今発売中の新潮に、村田沙耶香さんの「平凡な殺意」というエッセイが載っているのだけど、この狂った世界でサバイバルしているひとたちみんなに、ぜひ読んでほしいエッセイだと思った。

詳しくは本を手にとってもらいたいのだけれども、自分に対しても、誰かに対しても、死んでしまえ、殺してやりたい、という感覚が「平凡」である、と書けてしまう彼女はたぶんもう、心配がいらないだろうとわたしは思った。書くことで自分を癒し解放することを真摯にやってらっしゃる、稀有な作家さんである。

このタイトルにひっかかってどうしても読みたいと思ったのには、理由がある。わたしの母が、父に対して「殺してやりたいと思う」というようなことを、どうやらのたまったらしい。そんなことを小耳にはさんでいたからだ。

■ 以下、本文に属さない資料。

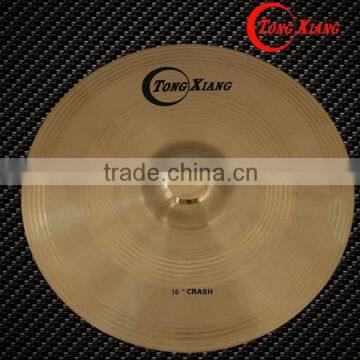 Tongxiang TT handmade Cymbal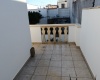 morciano di leuca, 73042, 3 Stanze Stanze,2 BathroomsBathrooms,Appartamento,In Vendita,1275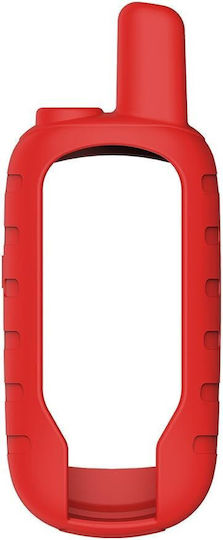 Θηκη Garmin Alpha 100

怒りや殺意というものは、ものすごく尖ったエネルギーであり、それはもう、そこに至るまでにさんざん長い間の抑圧と葛藤がある。だから、そこまで煮詰まってしまうことに対して、わからないでもない。誰でも、同じような境遇になれば、そう感じてしまうのも無理がないのだと思う。

だが、そのエネルギーを丁寧に、もっと解像度をあげてとらえていけば、いったい何に対してそこまで、破壊したいと思ってしまうのか、が見えてくる。そこには途方もない絶望感と長い長い抑圧があり、その物語のトリガーとして、今ここの殺意、というものが「平凡に」存在するわけだ、、

村田さんは、自分の左手を自分の右手で必死に抑え、衝動的に自分や他人を傷つけてしまわないよう必死に抑えていた時期のことも書いてらっしゃる。
彼女が殺してしまいたいとまで思う「Z氏」の描写を見る限り、わたしでもこの人は我慢ならないな、と思った。
だが、おそらくこのZ氏のふるまいは、どこにでもいるエリート優等生の典型例だ。こういった種類の能力をもった人を潰すことにかけては天才的な。
彼女が長い間苛まれたこの種のきつさは、この種の突出をもたない人にはぴんとこないだろうことも。
ほとんどアンスクーラーだけに訪れる試練、みたいなものとも似ている。だから彼女はずっと、孤独に戦ってきたのだと思う。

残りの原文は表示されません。